Internet slander is a form of slander that takes place on the Internet or is posted to Internet websites, forums, or bulletin boards. Such posts are generally considered to be slanderous if they are made in an attempt to defame a person or company or ruin the reputation of that person or company. The statements usually have to be either untrue or be made in an attempt to be harmful without demonstrating any real interest in the common good. Internet slander is a specific form of slander and can usually be prosecuted in a civil or criminal court just like any other type of defamation.

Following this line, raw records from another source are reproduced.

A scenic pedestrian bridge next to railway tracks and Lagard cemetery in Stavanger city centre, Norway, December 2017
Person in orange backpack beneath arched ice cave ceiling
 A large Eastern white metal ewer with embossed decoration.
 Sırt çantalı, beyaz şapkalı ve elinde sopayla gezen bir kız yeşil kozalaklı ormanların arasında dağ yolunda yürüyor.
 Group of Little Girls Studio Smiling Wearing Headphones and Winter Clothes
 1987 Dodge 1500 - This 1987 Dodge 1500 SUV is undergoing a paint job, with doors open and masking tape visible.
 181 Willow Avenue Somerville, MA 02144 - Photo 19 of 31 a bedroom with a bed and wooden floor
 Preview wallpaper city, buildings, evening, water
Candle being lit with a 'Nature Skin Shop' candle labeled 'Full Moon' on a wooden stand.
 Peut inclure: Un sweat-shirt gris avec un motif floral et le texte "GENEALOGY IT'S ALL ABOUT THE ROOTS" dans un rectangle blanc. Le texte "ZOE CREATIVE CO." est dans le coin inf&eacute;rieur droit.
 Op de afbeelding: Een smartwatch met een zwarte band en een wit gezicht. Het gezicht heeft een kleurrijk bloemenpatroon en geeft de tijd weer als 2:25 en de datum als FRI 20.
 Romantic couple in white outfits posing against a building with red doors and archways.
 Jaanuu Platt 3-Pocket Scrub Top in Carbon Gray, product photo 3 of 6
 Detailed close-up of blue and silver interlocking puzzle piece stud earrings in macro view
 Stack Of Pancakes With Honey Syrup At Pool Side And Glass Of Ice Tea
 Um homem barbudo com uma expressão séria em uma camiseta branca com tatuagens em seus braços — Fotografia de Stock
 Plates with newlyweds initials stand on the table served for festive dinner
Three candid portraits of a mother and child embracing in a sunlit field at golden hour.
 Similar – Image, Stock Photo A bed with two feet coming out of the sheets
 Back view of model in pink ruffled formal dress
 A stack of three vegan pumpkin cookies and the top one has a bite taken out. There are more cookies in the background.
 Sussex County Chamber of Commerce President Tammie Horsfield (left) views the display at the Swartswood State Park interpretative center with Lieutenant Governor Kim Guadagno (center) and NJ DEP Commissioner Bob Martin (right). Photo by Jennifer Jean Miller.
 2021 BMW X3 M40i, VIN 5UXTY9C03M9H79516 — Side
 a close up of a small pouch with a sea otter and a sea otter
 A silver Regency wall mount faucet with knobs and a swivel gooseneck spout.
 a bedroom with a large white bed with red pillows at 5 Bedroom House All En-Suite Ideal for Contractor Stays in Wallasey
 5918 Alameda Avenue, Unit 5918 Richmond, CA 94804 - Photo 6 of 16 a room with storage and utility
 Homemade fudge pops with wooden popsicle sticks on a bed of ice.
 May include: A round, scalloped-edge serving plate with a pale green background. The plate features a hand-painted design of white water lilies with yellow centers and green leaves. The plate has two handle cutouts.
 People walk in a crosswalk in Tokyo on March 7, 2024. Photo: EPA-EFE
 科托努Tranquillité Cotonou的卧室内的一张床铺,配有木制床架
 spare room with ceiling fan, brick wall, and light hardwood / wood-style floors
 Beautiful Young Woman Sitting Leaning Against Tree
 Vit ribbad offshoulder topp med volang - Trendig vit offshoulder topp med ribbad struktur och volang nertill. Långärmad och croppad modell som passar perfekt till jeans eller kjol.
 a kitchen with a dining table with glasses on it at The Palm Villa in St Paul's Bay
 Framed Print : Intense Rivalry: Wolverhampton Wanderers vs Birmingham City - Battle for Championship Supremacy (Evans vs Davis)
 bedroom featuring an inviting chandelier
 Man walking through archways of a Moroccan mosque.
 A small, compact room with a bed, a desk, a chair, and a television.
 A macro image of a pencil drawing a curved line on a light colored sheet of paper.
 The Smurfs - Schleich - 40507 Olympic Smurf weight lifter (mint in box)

Slander typically refers to defamatory remarks that are spoken out loud or in a context that is only passing and not necessarily long lasting. Libel is the term used to refer to forms of defamation that are fairly permanent and made in writing or a similar media such as a book, newspaper, magazine, or Internet website. Sometimes also called cyberslander, Internet slander may also be referred to as Internet libel and the nature of this distinction typically depends on how the defamation occurs. For example, a post on a forum or in a chat room may not be considered permanent since it is somewhat more transitory in nature and similar to slander than libel.
Internet slander can be something of a misnomer, however, since information posted on the Internet, even in a way that is likely to be transitory, can be remarkably long lasting. The transition of information on the Internet from a single post in a chat room to repeated postings on numerous websites, forums, and bulletin boards can be almost instantaneous. This means the line between Internet slander and libel can be somewhat less distinct, and many courts are still working on establishing the fine distinction enjoyed by spoken and traditional written defamation.
Most cases of Internet slander can be brought against the person that posted the information by the person or organization the information is about. Someone accused of Internet slander will typically need to defend himself or herself by proving that the information was true and in the interest of the common good, or was posted as opinion and not fact. Statements of opinion, even defamatory ones, are protected as free speech; when the statement is made as a fact, however, is when libel and slander can be considered.
In some cases, the defamation can be defended merely by proving that the statement was true and factually accurate. This is not always enough of a defense, however, and the information may also need to be established as being worthwhile in some way and beneficial for the public interest. Revealing harmful ingredients in food sold by a restaurant can be done in the interests of the common good, while revealing the sexual orientation of the owner of the restaurant is less likely to be seen as beneficial and may be grounds for a defamation lawsuit.